Examine results Click "Success". If it does not work, click "Show results folder", which should open the directory. Open the directory of your analysis, double click the file "index.html".

On the page, you should see two block of "Enrichment in phenotype". One for gene sets enriched in up-regulated genes (na_pos) and one for gene sets enriched in down-regulated genes (na_neg). Click "Detailed enrichment results in html ", you would see enriched gene sets.
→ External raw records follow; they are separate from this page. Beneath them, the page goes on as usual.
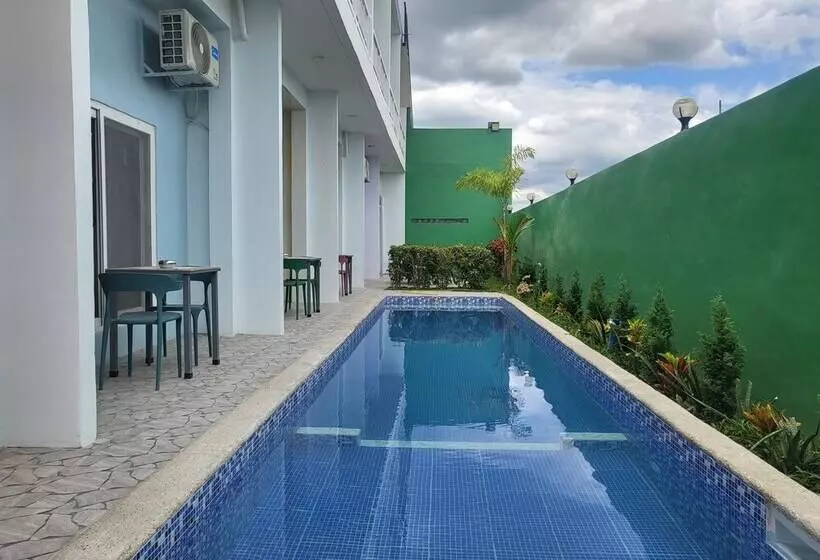 Blue Hotel And Resort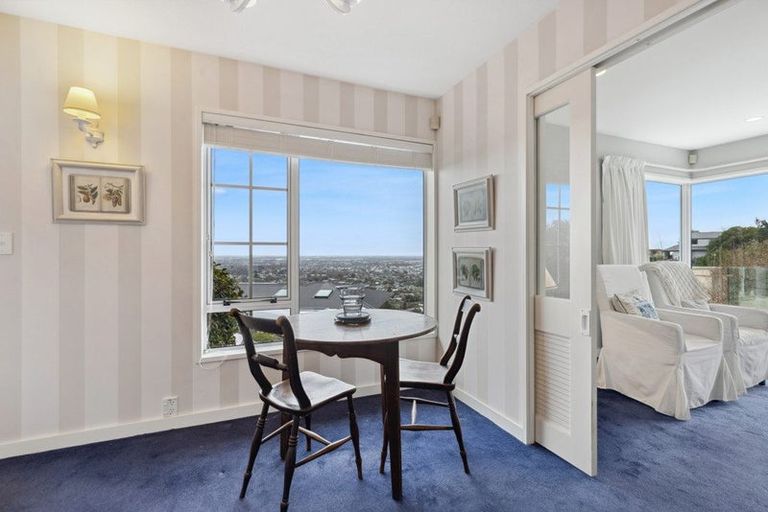 Photo of property in 1/27 Lookaway Place, Huntsbury, Christchurch, 8022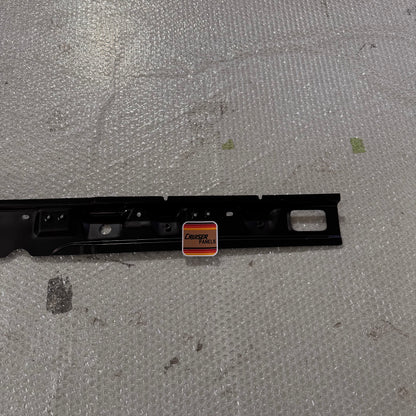 70 Dual Cab Roof Rail Inner Right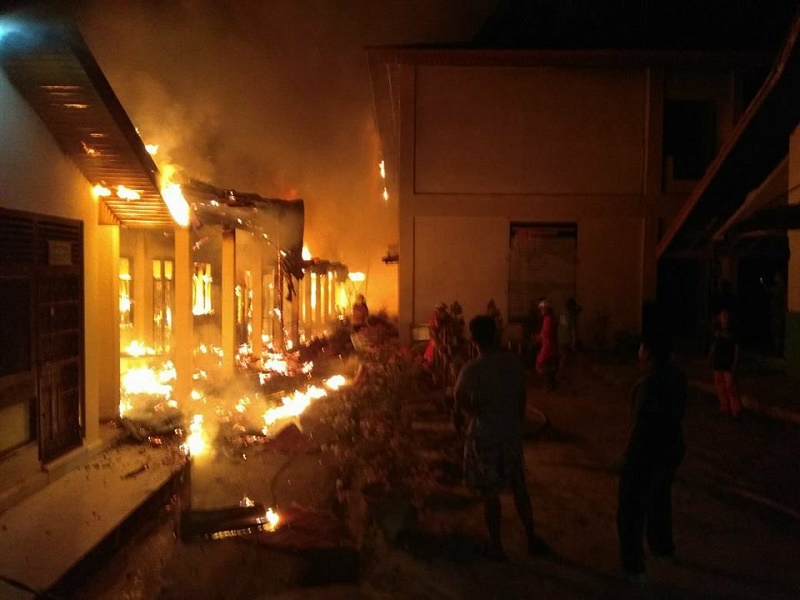 Dinihari tadi SMPN 04 Pekanbaru Terbakar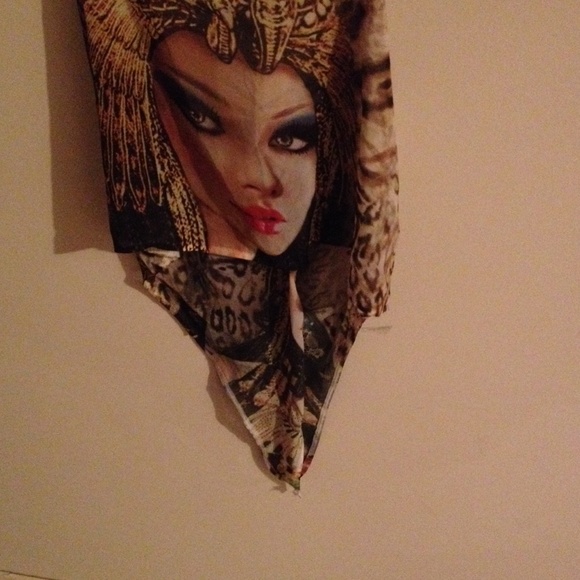 Cute half top - Picture 2 of 2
(Optional) Enrichment map visualization. Interpretation of the map can be found at this page: https://enrichmentmap.readthedocs.io/en/docs-2.2/Tutorial_GSEAInterface.html
- Start the software Cytoscape;
- In GSEA, click the "Enrichment map visualization";
- In GSEA, select a GSEA result from the application cache;
- In GSEA, click "Build Enrichment Map";
- In Cytoscape, you should see the network map;
- In Cytoscape, it might look messy, you will need to manualy adjust it;
- In Cytoscape, "Style" -> "Label" -> delete (click the "trash can");
- In Cytoscape, "Style" -> "Label" -> "Select value" -> "Name", "Mapping type"->"Passthrough mapping";
- In Cytoscape, drag each dots to make it neat.
Run GSEA command on LINUX (optional).

With GSEA open on your laptop, click "command" at the bottom of the GSEA window. Copy-paste the command to a text editor.
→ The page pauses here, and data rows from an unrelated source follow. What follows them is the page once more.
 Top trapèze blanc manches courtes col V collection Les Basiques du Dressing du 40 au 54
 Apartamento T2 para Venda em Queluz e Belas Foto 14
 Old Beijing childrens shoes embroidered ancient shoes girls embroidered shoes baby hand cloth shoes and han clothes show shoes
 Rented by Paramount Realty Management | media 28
You need to change a few things for this command to run on BioHPC computer:

"gsea-cli.bat" -> "/programs/GSEA_Linux_4.0.3/gsea.sh"
Fix the file paths for "-rnk" "-gmx" "-out".

Now run the command on Linux server. After done, you can examine the results in the "out" directory.

Part 3. Run BLAST2GO to create GO annotation. (Do it at home)

In part 1 of this exercise, you have copied all files in /shared_data/annotation2019_2/ to /workdir/$USER. You will run BLAST2GO on the fasta file: annot_exercise_aa.fasta

Run BLASTX against SWISSPROT database. BLASTX is a command line software.

  cd /workdir/$USER
  cp /shared_data/genome_db/BLAST_NCBI/swissprot* ./
  
  blastp -num_threads 4 -query annot_exercise_aa.fasta  -db swissprot \
    -out blastresults.xml  -max_target_seqs 20 -evalue 1e-5 -outfmt 5 \
    -culling_limit 10 >& logfile &

After it is done, copy the result file into your home directory.

cp blastresults.xml   ~/

Run BLAST2GO on cbsumm10.

As we only have one license of BLAST2GO. It is installed on the computer cbsumm10.biohpc.cornell.edu.

Login to the computer cbsumm10.

mkdir /workdir/$USER
cd /workdir/$USER
   
cp /shared_data/blast2go/* ./
cp ~/blastresults.xml  ./
   
/usr/local/blast2go/blast2go_cli.run -properties annotation.prop -useobo go.obo \
     -loadblast blastresults.xml -mapping -annotation -annex -statistics all \
     -saveb2g myresult -saveannot myresult -savereport myresult -tempfolder ./ \ 
     >& annotatelogfile &

After this step, you will get three result files:

myresult.annot. It is a text file with GO annotation. You can open it in a text editor or Excel.
myresult.b2g; It is a project file that you can open in the free version of BLAST2GO GUI software.
myresult.pdf. A report file with statistics of your data set.